Encourage Patient Participation In Health IT To Improve Self-Pay Collections

Many hospitals are focused on achieving Stage 2 meaningful use to become eligible for incentive payments, yet reaching meaningful use objectives can have other benefits, like the chance to improve patient collections. When hospitals concentrate on engaging their patients through patient portals or email communication, health systems may begin to see higher patient engagement and more online payments from patients. Online portals can improve a hospital’s revenue cycle metrics by reducing the cost associated with traditional patient billing and reminding patients in an efficient manner to pay for medical services. It’s no secret that adopting technology can cut down on billing delivery and staff costs, thus, many hospitals have already gotten on board with this way of thinking. However, successfully linking of meaningful use strategies with increasing patient payments can often be easier said than done.

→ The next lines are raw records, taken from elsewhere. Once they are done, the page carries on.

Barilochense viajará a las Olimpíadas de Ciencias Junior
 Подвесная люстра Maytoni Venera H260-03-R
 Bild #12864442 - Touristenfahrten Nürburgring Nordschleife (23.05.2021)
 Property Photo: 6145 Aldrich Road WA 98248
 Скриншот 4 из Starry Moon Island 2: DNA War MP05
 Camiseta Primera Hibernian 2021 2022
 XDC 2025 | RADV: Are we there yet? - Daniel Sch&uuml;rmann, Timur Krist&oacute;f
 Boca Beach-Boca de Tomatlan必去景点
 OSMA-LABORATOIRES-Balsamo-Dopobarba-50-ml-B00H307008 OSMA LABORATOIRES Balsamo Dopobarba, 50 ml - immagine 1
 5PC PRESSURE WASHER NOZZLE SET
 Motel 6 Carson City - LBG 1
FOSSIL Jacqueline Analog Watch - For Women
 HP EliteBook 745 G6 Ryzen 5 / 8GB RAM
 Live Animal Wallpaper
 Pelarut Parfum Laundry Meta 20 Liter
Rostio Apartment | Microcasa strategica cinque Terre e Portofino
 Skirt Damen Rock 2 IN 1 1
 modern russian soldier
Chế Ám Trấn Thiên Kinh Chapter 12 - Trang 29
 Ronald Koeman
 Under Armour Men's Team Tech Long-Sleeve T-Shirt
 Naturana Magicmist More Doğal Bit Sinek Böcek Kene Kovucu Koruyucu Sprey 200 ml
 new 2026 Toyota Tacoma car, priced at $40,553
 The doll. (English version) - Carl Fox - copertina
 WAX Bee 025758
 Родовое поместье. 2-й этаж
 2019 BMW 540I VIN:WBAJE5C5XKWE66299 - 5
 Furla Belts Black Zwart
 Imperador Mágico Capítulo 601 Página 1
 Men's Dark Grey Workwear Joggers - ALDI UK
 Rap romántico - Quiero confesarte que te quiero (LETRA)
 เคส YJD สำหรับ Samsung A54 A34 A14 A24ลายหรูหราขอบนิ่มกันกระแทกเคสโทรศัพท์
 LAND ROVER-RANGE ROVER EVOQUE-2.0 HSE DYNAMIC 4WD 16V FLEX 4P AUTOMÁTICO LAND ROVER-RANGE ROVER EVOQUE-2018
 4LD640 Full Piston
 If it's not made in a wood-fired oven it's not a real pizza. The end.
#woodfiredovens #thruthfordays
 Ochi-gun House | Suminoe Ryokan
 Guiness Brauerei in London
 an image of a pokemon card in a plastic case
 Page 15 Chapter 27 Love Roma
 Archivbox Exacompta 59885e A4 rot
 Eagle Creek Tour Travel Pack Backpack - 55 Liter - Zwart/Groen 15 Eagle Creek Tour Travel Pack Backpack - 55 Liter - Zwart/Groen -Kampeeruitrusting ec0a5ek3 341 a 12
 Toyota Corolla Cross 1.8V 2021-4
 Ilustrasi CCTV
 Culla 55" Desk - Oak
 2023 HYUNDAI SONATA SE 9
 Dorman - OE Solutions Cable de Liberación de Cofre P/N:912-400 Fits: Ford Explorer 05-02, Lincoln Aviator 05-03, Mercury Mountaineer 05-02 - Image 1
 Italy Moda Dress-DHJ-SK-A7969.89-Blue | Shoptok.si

Optimize the hospital’s strategy to achieve meaningful use
Health systems aren’t going to be able to receive all of the benefits of increased patient engagement and payments without concentrating on meaningful use itself. According to Healthcare Payer News, a hospital needs to ensure all aspects of its health IT systems and patient communications are secure for patient information privacy and are compliant with federal legislation and regulations. For hospitals to do this, however, they need to ensure all staff members follow the proper policies and procedures regarding the security of personal health information (PHI).

Meaningful use tends to be a complex subject for hospitals, as one approach to optimizing EHR use may work for one unit but not another. It often takes hospitals a long time to achieve their meaningful use objectives, so it is important that hospitals use only the most efficient strategies to encourage patient participation in online portals and self payments.

Create patient engagement
Dr. Shafig Rab, vice president and chief information officer at a New Jersey medical center, told Becker’s Hospital Review that patients often have few rewards for being engaged in their own health, making it difficult for hospitals to achieve meaningful use let alone encourage patients to pay their medical bills in a timely manner. While hospitals and payers have been incentivized to adopt EHRs, many patients may not see the value in reviewing their own health information, booking appointments online or paying their medical bills through patient portals.

Yet, Stage 2 meaningful use is dependent on patients’ involvement in care, and in addition hospitals need to boost patient payments to maintain their bottom lines. To tackle both of these issues, health systems need to inform patients about why they should log in to their patient portals and encourage them to utilize easy, online self-service payment options. Most hospital executives have heard about the countless benefits that come from embracing EHRs and health IT, so health care administrators already have the knowledge they need to motivate patients to use available technical systems. Hospitals need to utilize patient-provider relationships, the hospital’s customer service representatives and marketing materials to educate patients about why using patient portals and paying medical bills online are smart moves for their health.

By asking all providers to inform patients about why using their patient portals is easy, efficient and puts them in control of their own care, hospital executives can take the difficulty out of encouraging patients to use their own patient portals and instead get patients to feel like doing so is to their own benefit. From being able to have a patient’s medical history at the tap of a finger to being able to send a prescription to a pharmacy instantly, health IT systems streamline the health care experience for patients while also optimizing hospital workflows and improving health system efficiency.

However, through all of this, hospitals need to keep in mind certain regulations, such as the Health Information Portability and Accountability Act (HIPAA), to avoid putting patient information at risk. Yet if hospitals are able to ensure their data security remains strong, they may be able to see significant gains due to more patients embracing online payments. Not only will the hospital be able to achieve meaningful use, but it will see higher patient satisfaction and increased revenue from not having to bill patients through the mail. For hospital administrators to see all of these improvements, it may be time for them to focus on becoming patient-centric in all aspects, including meaningful use.